Like Parallel, 871 arrived without advance notice. On Spotify, it appears under Hebden’s 00110100 01010100 alias, as did 2013’s 0181. That album collected unreleased songs from between 1997 and 2001; 871 ventures further back, to the period between 1995 and 1997. Unlike 0181, which took the form of a 38-minute mixtape full of stops and starts, the new record is presented as a collection of serially numbered standalone tracks, but the material here is stranger. There are blasts of overdriven electric guitar, effects-pedal experiments steeped in line noise, and even a folk song played on hard-panned acoustic guitars. At the time, Hebden was still playing in Fridge; he wouldn’t release the first Four Tet EP until 1998. There are glimmers of the palette that would come to define Four Tet’s work, but mostly these pieces show the influence of the decade’s mischievously experimental spirit. Track 5 smolders like Flying Saucer Attack remixing GAS; the breakbeats and ringing guitars of track 18 have an unmistakable shoegaze feel.

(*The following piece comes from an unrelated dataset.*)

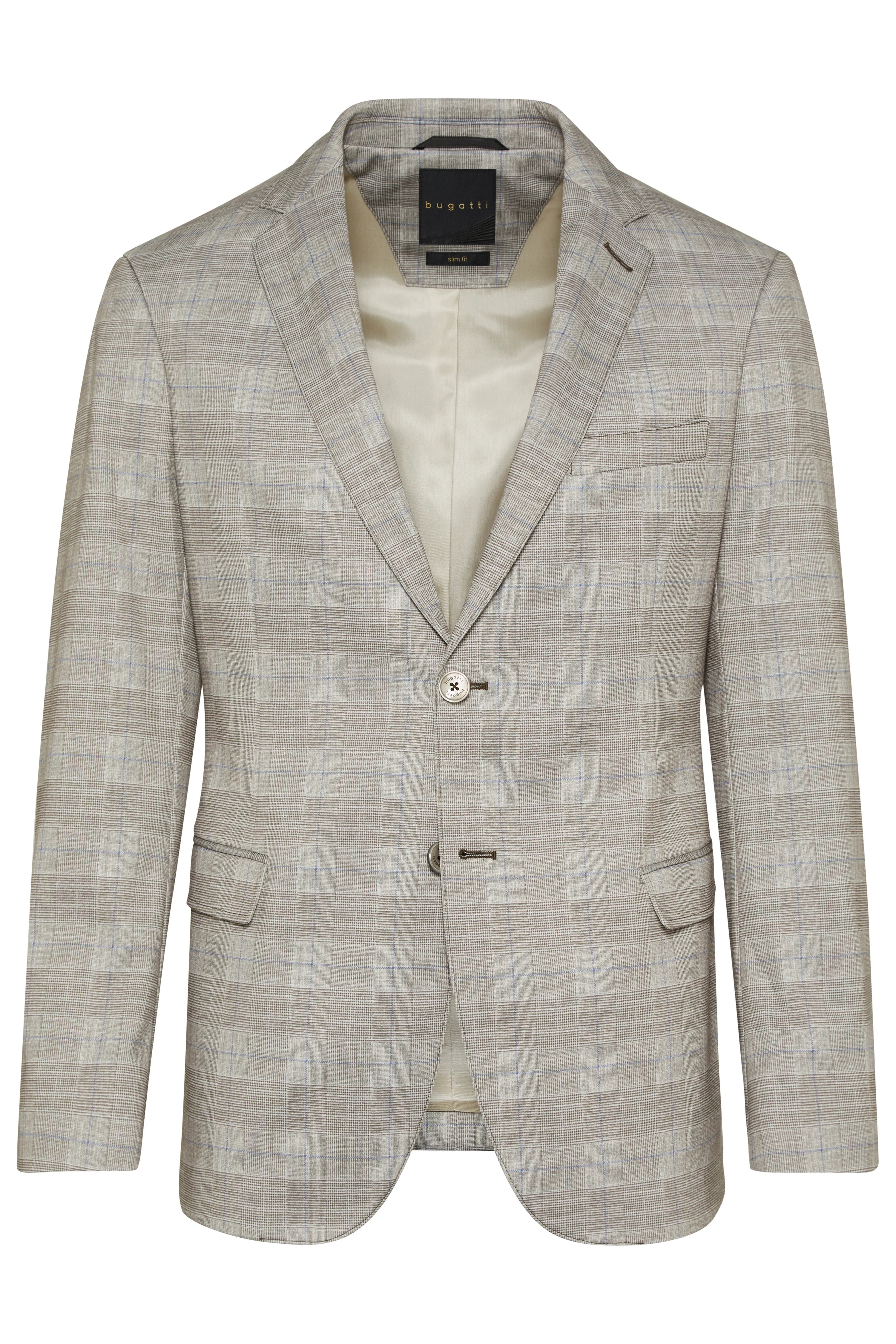 bugatti karierter Blazer in Grau, Büstenbild, zeigt stilvolles und elegantes Design.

One song even sounds a little like a rudimentary take on DJ Shadow—and, in the process, offers a glimpse of the beat-oriented work that would take shape on 1999’s Dialogue and 2001’s Pause. Several of the most interesting cuts suggest that, like many of his ’90s peers, Hebden was listening to a lot of Neu! and BBC Radiophonic Workshop, and translating those signals into chugging pulses wreathed in squealing oscillators. The highlight is track 10, a nine-minute excursion in swollen low end and buzzing drones that sounds like it could have come from the 1995 compilation Macro Dub Infection, the era’s pivotal collision of ambient, post-rock, and dub.
Listeners who were familiar with this terrain in the ’90s—Other Music regulars, subscribers to The Wire—may find 871 a welcome flashback to a moment in left-field music where anything felt possible and almost nothing was set in stone. Fans of Four Tet’s sleeker work may be taken aback by the roughness of these pieces. But, combined with the most exploratory moments of Parallel, 871 fleshes out a wide-angled portrait of Hebden’s creative practice. It’s been years since he played by industry rules; he puts out what he wants, when he wants, under whatever name (or alphabet) suits his whim. These two sprawling, unpredictable albums, released just nine months after the carefully constructed Sixteen Oceans, validate Hebden’s trust in his instincts. At its best, Four Tet’s music thrives on immediacy, honesty, and candor, and these records have it in spades.